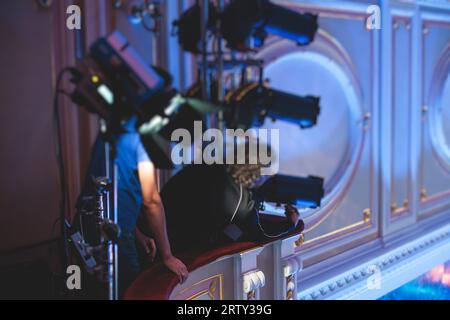 L'assistente del lavoratore di palcoscenico prepara le luci, l'ingegnere della luce, il tecnico dell'illuminazione che regola le luci per concerti e spettacoli musicali nella sala, l'installazione di una professione Foto Stock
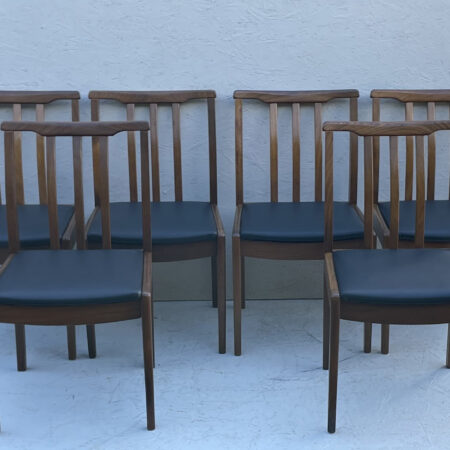 6 Mid Century Teak Dining Chairs upholstered in Black Leatherette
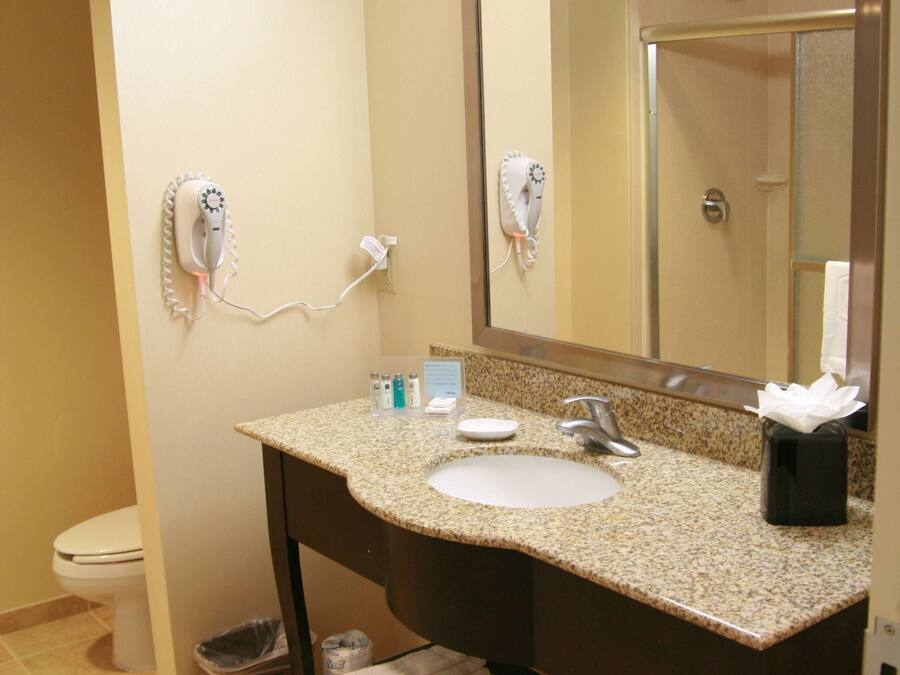 A bathroom with a sink, mirror, hairdryer, and towel rack.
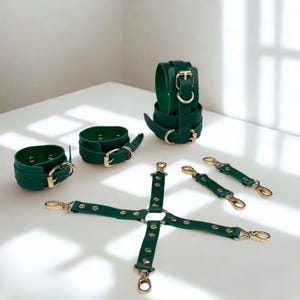 May include: A collection of green leather restraints with gold-colored hardware. The set includes wrist cuffs, an ankle cuff, and a multi-strap harness. The items are arranged on a white surface, showcasing the details of the buckles and clasps.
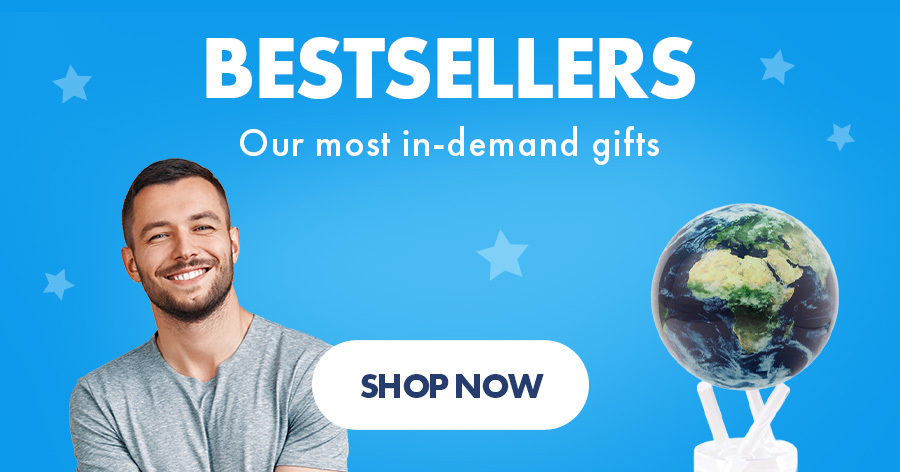 Bestsellers promotional banner featuring a smiling man and a globe figurine with "Shop Now" button on blue background.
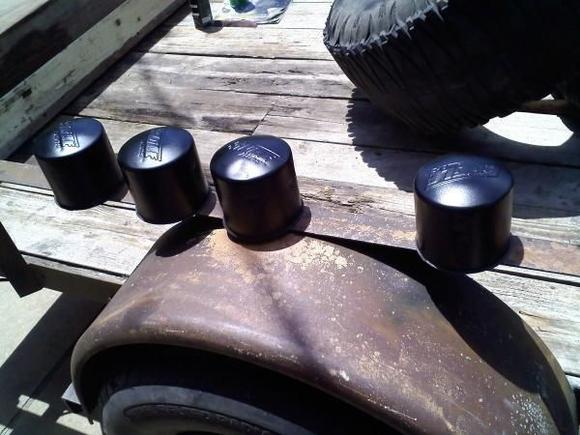 Sanded down old center caps with 80g sandpaper then painted with rust preventing black paint.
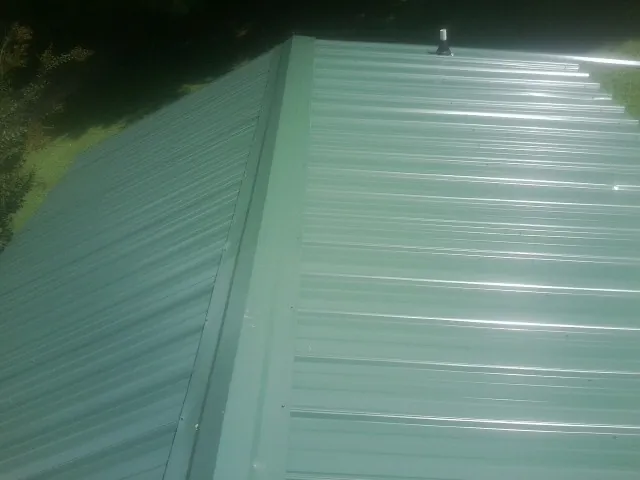 New green metal panels meeting at the ridge of a roof — Flat Roof Repair work by our crew in Greenlawn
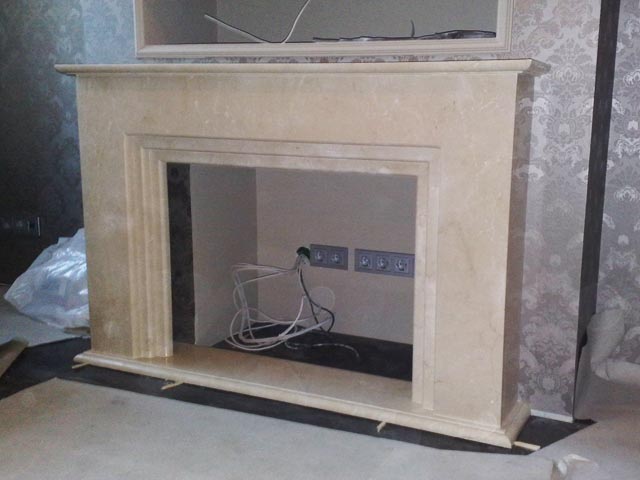 Assemblage of details of a fireplace from marble Crema Marfi, Spain  =>Following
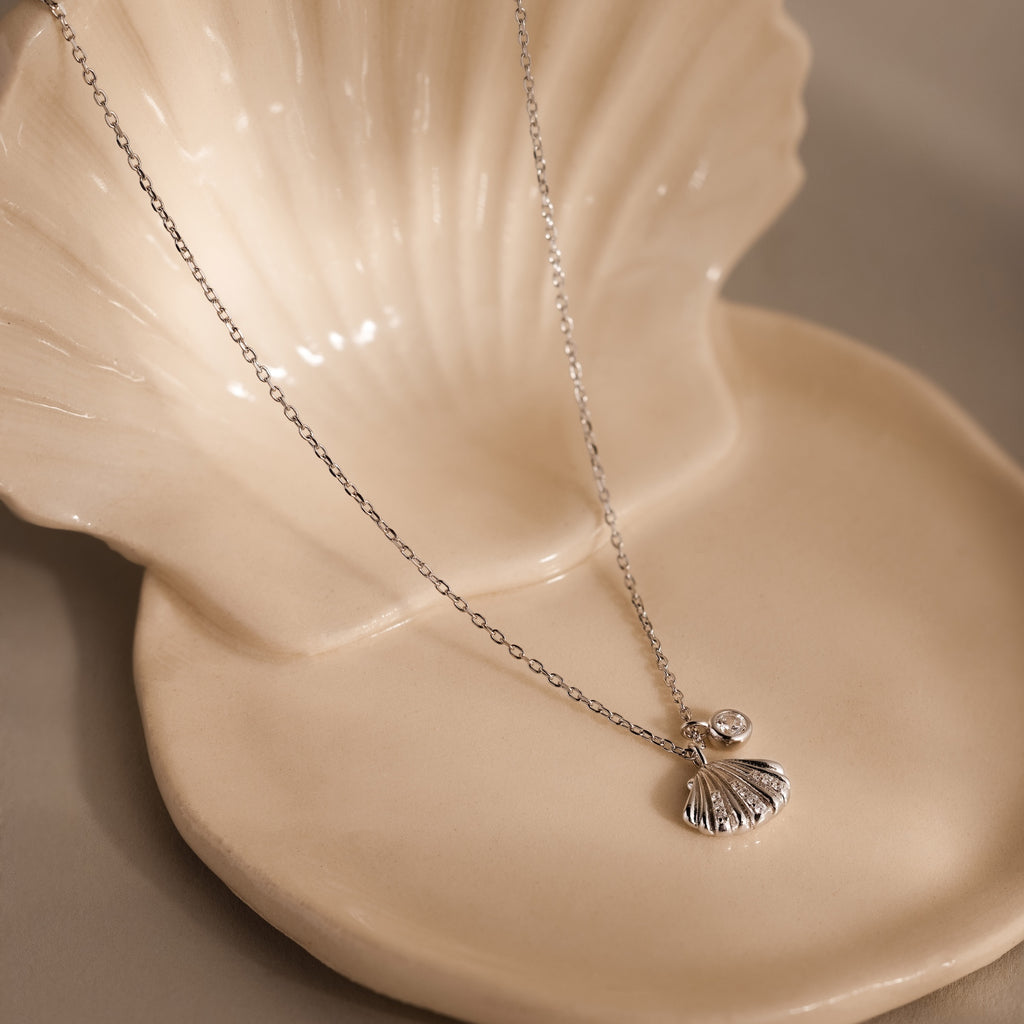 The Diamond Seashell Charm Necklace in Silver, featuring a delicate shell pendant and sparkling gem, is an elegant ocean-inspired piece displayed on a cream ceramic shell dish.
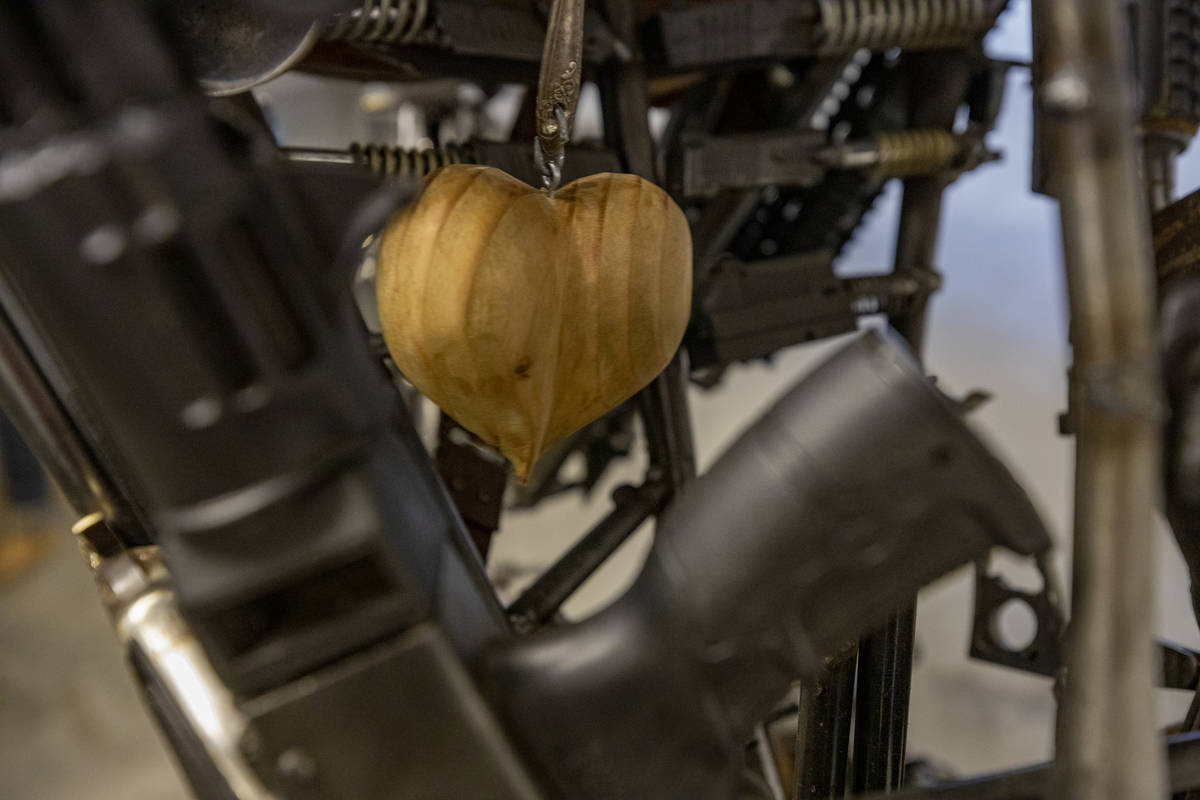 A wooden heart is seen in the chest of David Fay's sculpture commissioned by Indecline titled ' ...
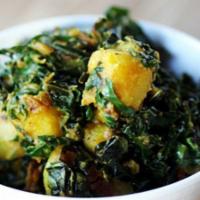 Saag Aloo · Vegan. Gluten-free. Potatoes smothered in freshly ground spinach.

· · ·

■ **What is expected**: Please output an exact repetition of the lines from the line containing "The Diamond Seashell" to the end of the records, both included, with no pictures and no additional text.

■ **Problem solution**:
 The Diamond Seashell Charm Necklace in Silver, featuring a delicate shell pendant and sparkling gem, is an elegant ocean-inspired piece displayed on a cream ceramic shell dish.
 A wooden heart is seen in the chest of David Fay's sculpture commissioned by Indecline titled ' ...
 Saag Aloo · Vegan. Gluten-free. Potatoes smothered in freshly ground spinach.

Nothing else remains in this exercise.